À l'heure actuelle, l'Union européenne retient 18 milliards d'euros destinés à la Hongrie pour diverses raisons, y compris des violations liées aux droits des personnes LGBT+, des demandeurs d'asile et des procédures d’appels d’offres non transparentes.
Le climat a changé quelques heures après la défaite de Viktor Orban lors des récentes élections. La présidente de la Commission européenne, Ursula von der Leyen, s'est montrée optimiste, promettant de "travailler sans relâche" sur ce dossier tout en saluant les engagements de Magyar pour les réformes.
"Les Hongrois méritent" ces fonds, a-t-elle affirmé lors d'un point de presse, soulignant l'importance d'un soutien aux citoyens hongrois.

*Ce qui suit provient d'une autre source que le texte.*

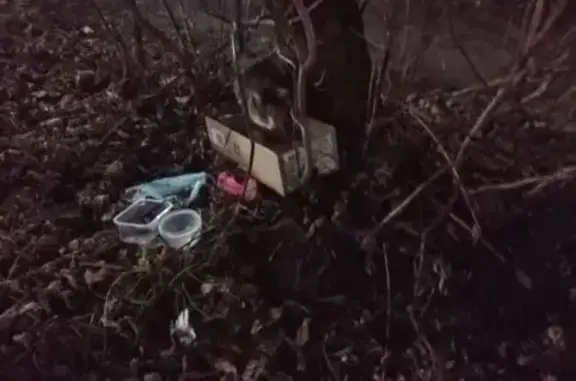 Найдена кошка, Ярославль, фото: Кошка найдена на Чкалова, 60, Ярославль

Cependant, plusieurs élus européens, particulièrement ceux engagés dans la surveillance de la situation en Hongrie, demeurent sceptiques. L’eurodéputé allemand Daniel Freund a déclaré : "Il n'est pas question de libérer ces fonds immédiatement. Nous ne donnerons pas de chèque en blanc à Budapest." Il insiste sur la nécessité d'établir une "relation de confiance" avec le gouvernement Magyar avant d'envisager le déblocage des fonds.
Un scénario similaire s'est produit dans le passé lorsque l'UE avait gelé des millions destinés à la Pologne. Ces fonds ont été rapidement débloqués après des engagements de la part du gouvernement de Donald Tusk en 2024. Moritz Körner, eurodéputé libéral allemand, a qualifié cette décision de "erreur", appelant à une prudence accrue dans le cas hongrois.